**Required action:** Nothing but the lines from the one containing "Chevrolet Corvette ZR1X 2026 llega a México" through the end of the entries below should appear in your answer, transcribed exactly; please drop the pictures.

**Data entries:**
§ §
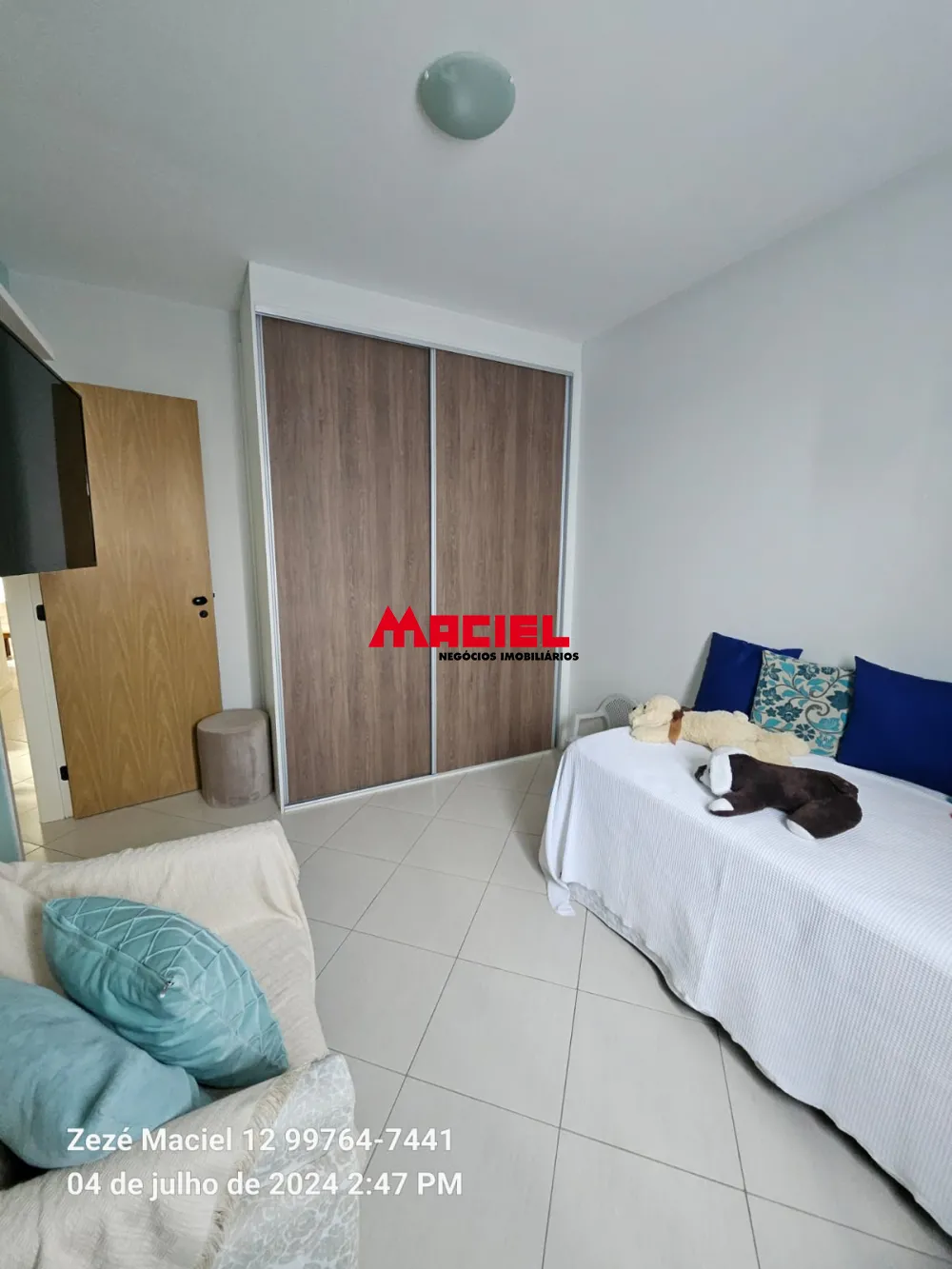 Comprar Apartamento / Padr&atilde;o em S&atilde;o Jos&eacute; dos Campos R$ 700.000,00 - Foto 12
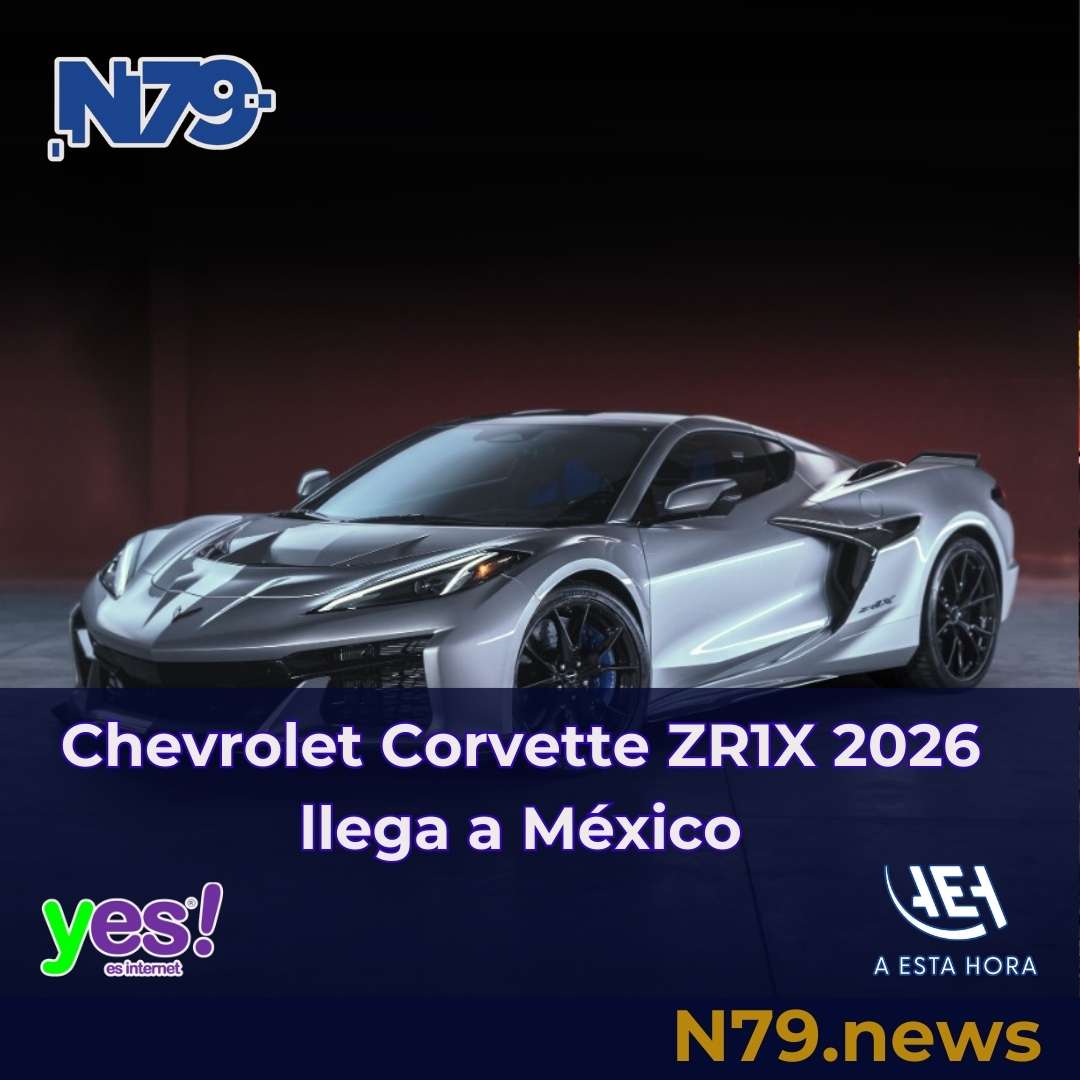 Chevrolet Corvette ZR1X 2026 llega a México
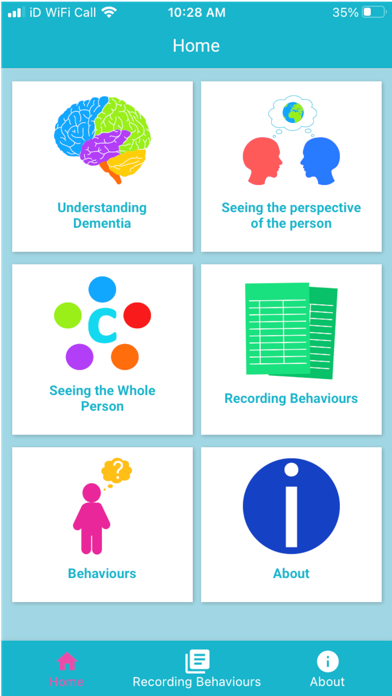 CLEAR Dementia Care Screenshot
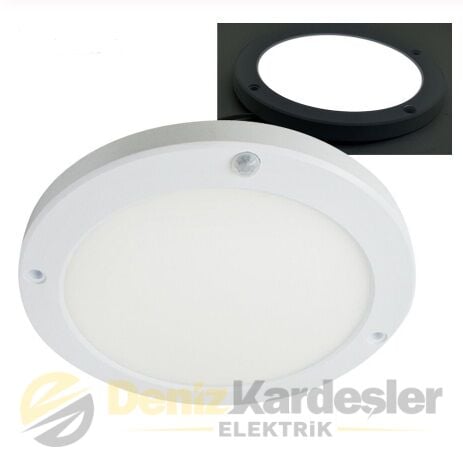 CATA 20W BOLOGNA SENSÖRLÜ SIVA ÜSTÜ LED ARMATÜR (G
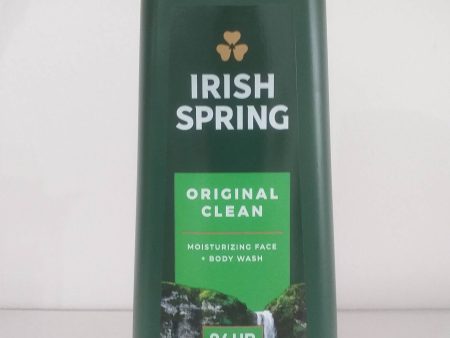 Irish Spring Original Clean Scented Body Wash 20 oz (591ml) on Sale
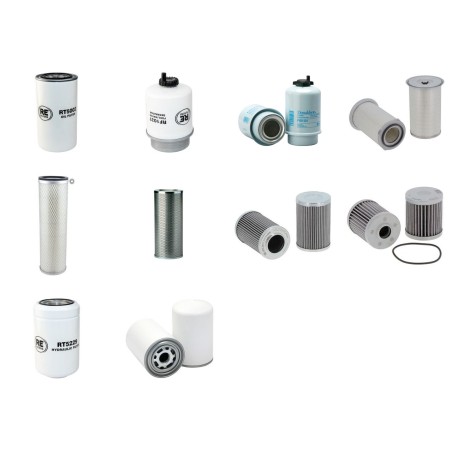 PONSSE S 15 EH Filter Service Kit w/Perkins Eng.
§ §
**Task result:**
 Chevrolet Corvette ZR1X 2026 llega a México
 CLEAR Dementia Care Screenshot
 CATA 20W BOLOGNA SENSÖRLÜ SIVA ÜSTÜ LED ARMATÜR (G
 Irish Spring Original Clean Scented Body Wash 20 oz (591ml) on Sale
 PONSSE S 15 EH Filter Service Kit w/Perkins Eng.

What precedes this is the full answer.